▶ PROBLEM TO SOLVE: Please, without any pictures, set down exactly the part of the listing below that opens with the line containing "La Quinta Inn & Suites Covington - photo 11" and closes with the line containing "This lot is available for i...".

▶ SUPPLIED MATERIAL:
^^^^

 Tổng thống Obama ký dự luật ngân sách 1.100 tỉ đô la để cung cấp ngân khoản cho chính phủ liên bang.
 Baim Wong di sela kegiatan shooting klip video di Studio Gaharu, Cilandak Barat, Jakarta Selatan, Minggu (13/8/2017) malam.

^^^^

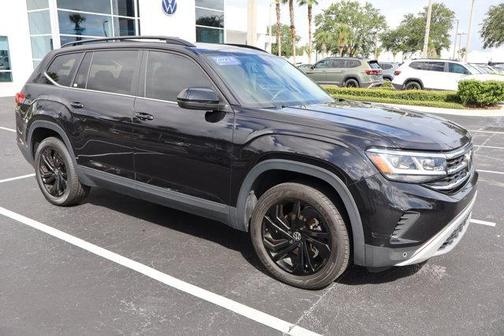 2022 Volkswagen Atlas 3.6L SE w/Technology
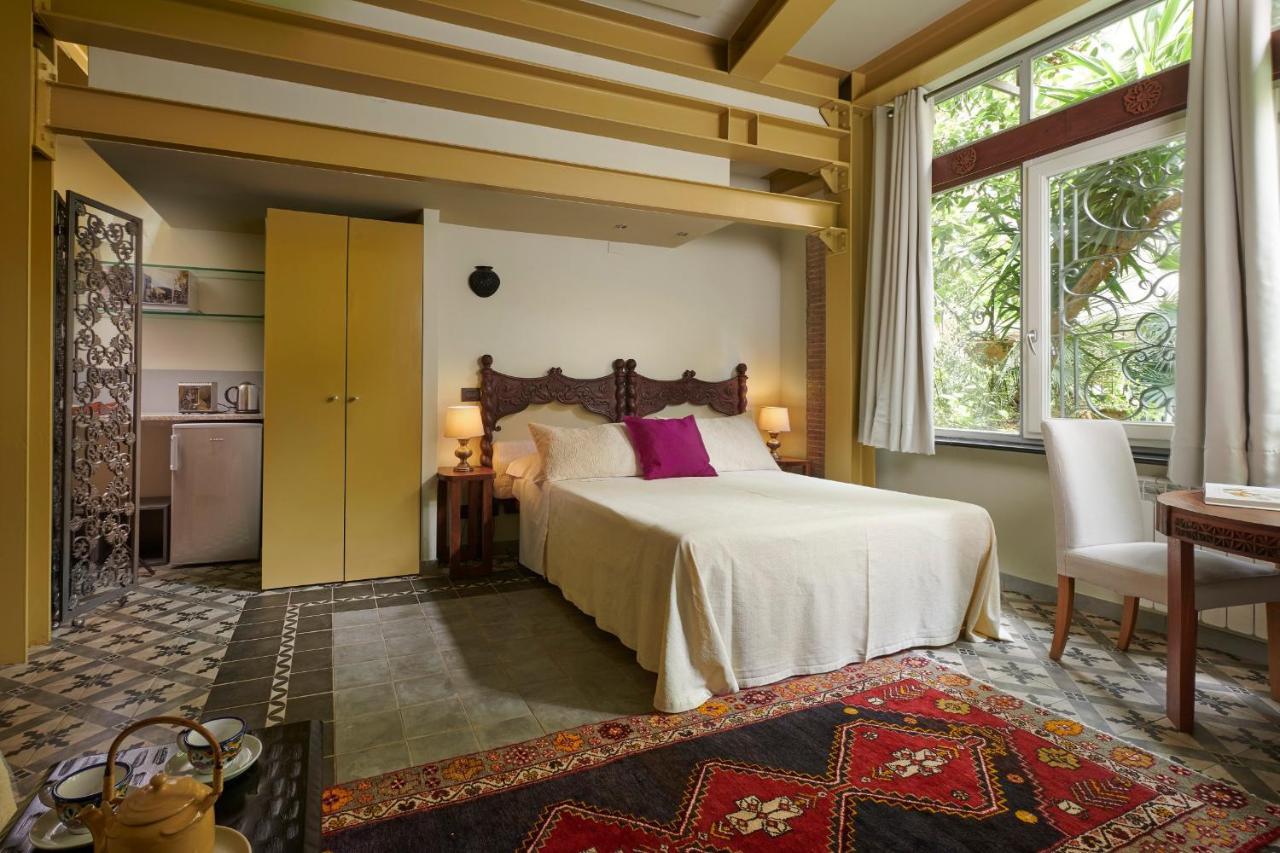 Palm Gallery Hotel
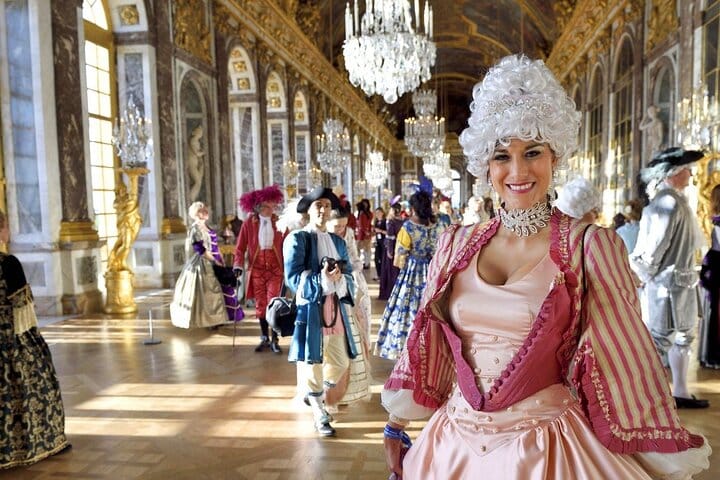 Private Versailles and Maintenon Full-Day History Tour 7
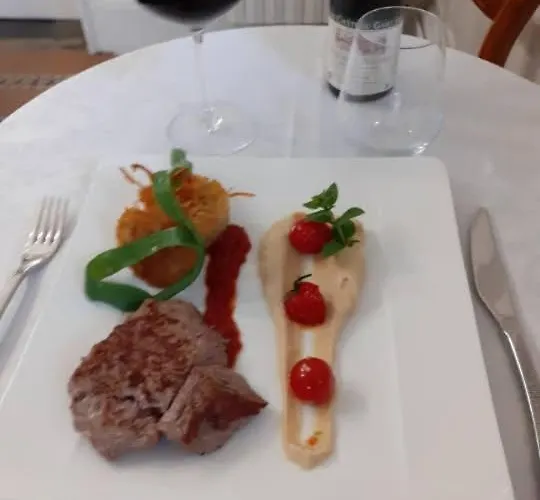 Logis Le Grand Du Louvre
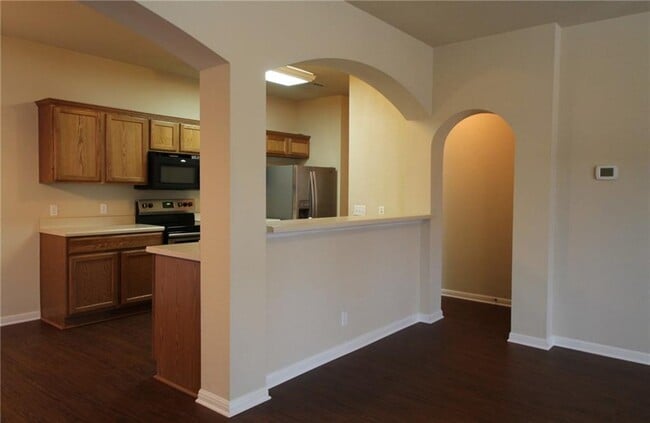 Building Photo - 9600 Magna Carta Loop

^^^^

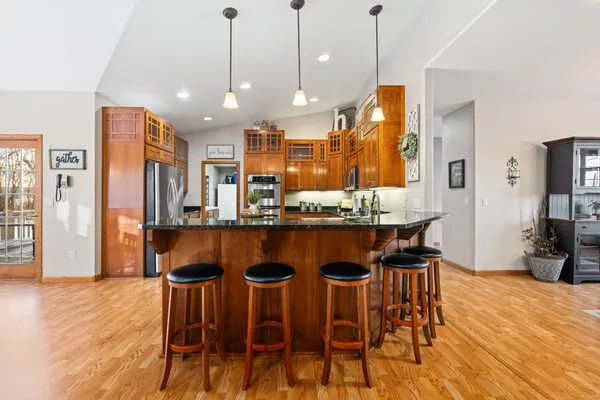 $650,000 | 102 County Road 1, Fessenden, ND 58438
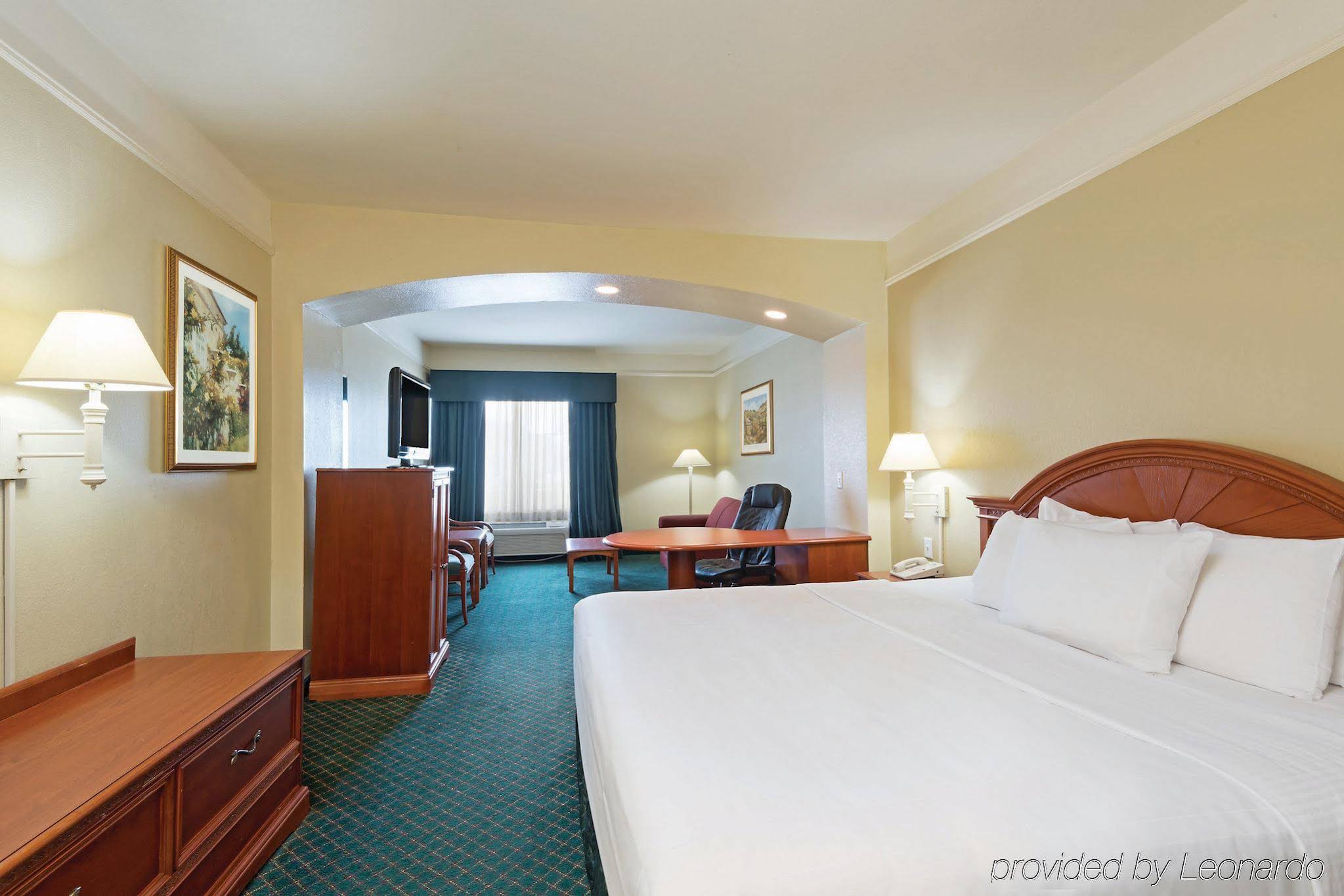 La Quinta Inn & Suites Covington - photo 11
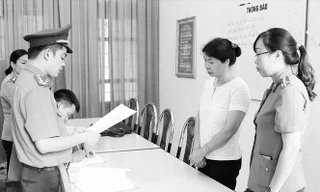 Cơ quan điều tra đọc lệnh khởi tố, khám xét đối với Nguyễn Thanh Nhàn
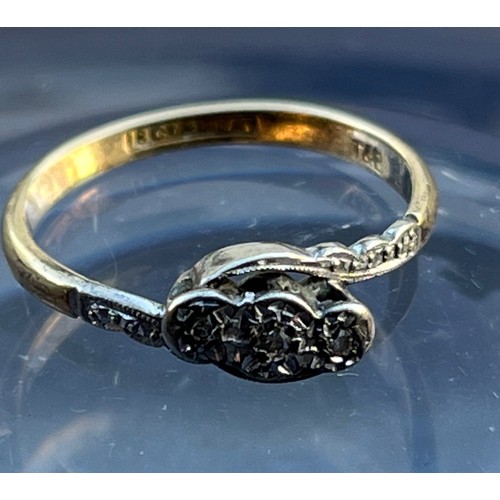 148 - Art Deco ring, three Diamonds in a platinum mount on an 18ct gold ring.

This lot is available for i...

^^^^

▶ SOLUTION TO THE EXERCISE:
 La Quinta Inn & Suites Covington - photo 11
 Cơ quan điều tra đọc lệnh khởi tố, khám xét đối với Nguyễn Thanh Nhàn
 148 - Art Deco ring, three Diamonds in a platinum mount on an 18ct gold ring.

This lot is available for i...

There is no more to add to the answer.